En este punto, a Toby le asaltaría la imagen del conjunto de salero y pimentero que se usaba en la mesa de la cocina en su lejana infancia: un gallito de porcelana, una gallinita de porcelana. La gallina era el salero y el gallo el pimentero. La salada Lucerne estaba allí frente al picante Zeb, sonriéndole y mirándole, y se había limitado a plantearle una pregunta sencilla: cuántos rosales había o algo por el estilo, no lo recordaba, tan cautivada estaba por Zeb... (Aquí Toby desconectaría su atención, porque no quería ni oír hablar de bíceps, tríceps y otros atractivos musculares de Zeb. ¿Era inmune a esos atractivos? No. ¿Estaba celosa de esta parte de la historia? Sí.

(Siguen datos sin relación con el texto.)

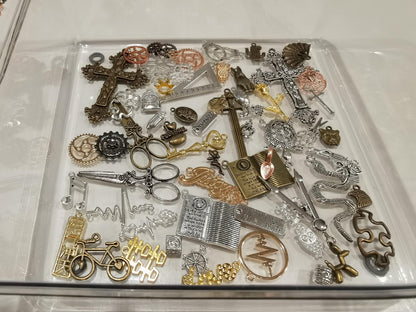 BULK 1 Cup of Mixed DIY Jewelry Making Silver Bronze Tibetan Metal Pendants| Grag Bag of Random Metal Charms Wholesale DIY Supplies Random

Debemos ser conscientes de nuestras propias tendencias y desvíos de naturaleza animal en todo momento, decía Adán Uno.) Y entonces diría Lucerne, volviendo a enganchar a Toby a su relato: y entonces había ocurrido algo extraño: había reconocido a Zeb.
—Te había visto antes —dijo ella—. ¿No estabas en HelthWyzer? Pero entonces no eras Jardinero. Eras...
—Te equivocas de persona —dijo Zeb.
Y acto seguido la besó. Ese beso la había atravesado como un cuchillo y ella se había derrumbado en sus brazos como... como un pez muerto, no, como una enagua..., no, como pañuelos de papel empapado. Y entonces él la había recogido y la había acostado en el césped, justo donde cualquiera podía verlos, y eso era increíblemente excitante, y a continuación él le había desatado el quimono y había arrancado los pétalos de las rosas que llevaba y los había esparcido sobre el cuerpo de Lucerne y luego los dos... Fue como una colisión a alta velocidad, dijo Lucerne, y había pensado: ¿cómo puedo sobrevivir a esto? Me voy a morir aquí y ahora. Y se dio cuenta de que él sentía lo mismo.